An Overlooked Trade War: Europe’s Digital Trade War Against American Innovators

By Sen. Saxby Chambliss and Sen. Kent Conrad | National Interest | May 7, 2025

 

A trade war that’s been overlooked, but has been quietly underway the past several years, is Europe’s digital trade war against American innovators – and it’s growing larger and more destructive daily. The European Union (EU) has imposed billions in fines, compliance costs, and sweeping new rules against America’s most innovative tech companies while barely touching Chinese or European firms. These “digital tariffs” aim to boost Europe’s tech sector at America’s expense but instead weaken both sides of the Atlantic, to China’s benefit.

To help the Western democracies win the race for the future, European policymakers should heed the calls of their voters, consumers, businesses, and statesmen to reduce regulations and apply the law in an evenhanded manner.

The Problem: EU Siphons Hundreds of Billions from U.S. Tech Companies

For many years, European policymakers have enacted sweeping regulatory regimes that deliberately focus on U.S. companies but not their Chinese or European counterparts. The Digital Markets Act, Digital Services Tax, General Data Protection Regulation, and AI Act target American firms via high, artificial thresholds that capture only the largest global companies, ambiguous language that gives regulators substantial discretion, and fines based on a percentage of global turnover rather than harm to European consumers. Through these laws, European regulators have fined U.S. firms over $320 billion, more than the EU’s annual budget of €186 billion, and raised these firms’ compliance costs to the point where U.S. companies now hesitate to introduce new products into European markets.

U.S. policymakers are taking note. Both the Trump Administration and numerous members of Congress have expressed “ongoing concerns with EU efforts to regulate the digital economy in ways that harm American companies and workers.” As authoritarian competitors rise, transatlantic alignment on innovation and economic policy is more critical than ever. Instead of fragmented rules, the U.S. and EU should work together to boost shared competitiveness and uphold common values.

The Impact: Damaged Consumers and Diminished Competitiveness

Europe’s policies are harming companies and consumers on both sides of the Atlantic. For Europeans, these policies limit the availability of goods and services to their consumers and reduce investment in their businesses. Both Apple and Meta, for instance, have delayed the release of new artificial intelligence (AI) products into Europe due to its regulatory morass. For open-source projects, including those originating among European companies, the AI Act’s arbitrary lines, sweeping scope, and limited exclusions are likely to reduce AI’s development and availability to Europe and Europeans.

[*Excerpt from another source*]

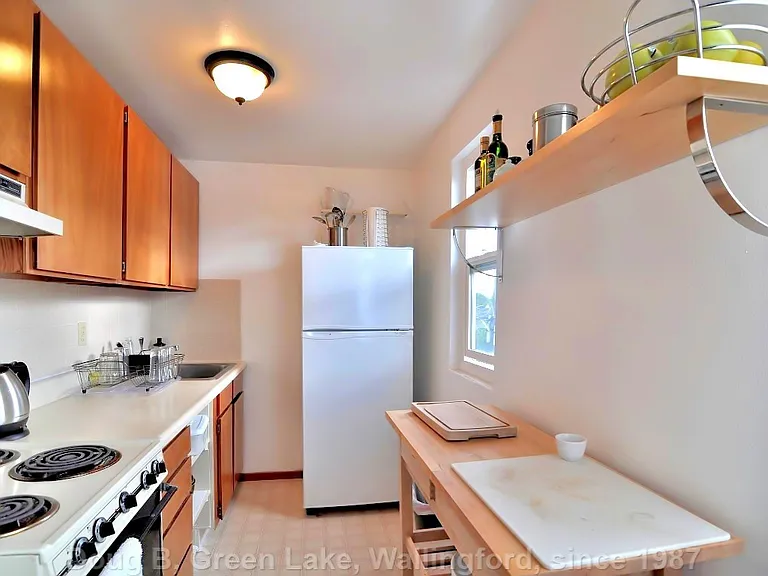 2112 N 54th St #B — Photo 4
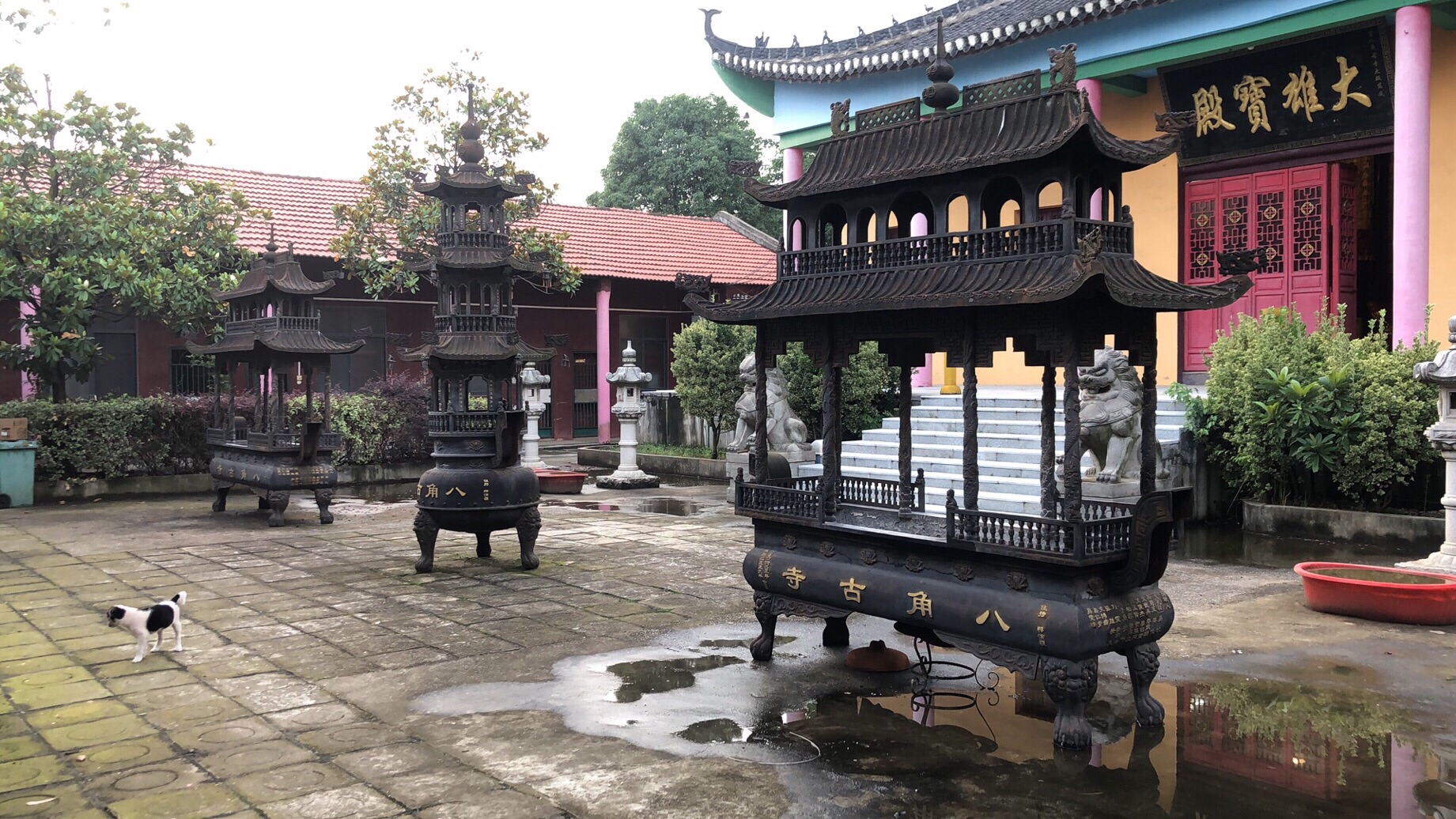 八角古寺实景照片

For Americans, the fines represent a pure wealth transfer from U.S. workers and shareholders to European bureaucrats. Even worse, the rules create uncertainty for U.S. businesses, who cannot predict with confidence what types of conduct European regulators will deem problematic. As a result, U.S. firms have fewer incentives to launch advanced products in European markets and, accordingly, a reduced incentive to innovate and ability to gather market feedback to improve their products.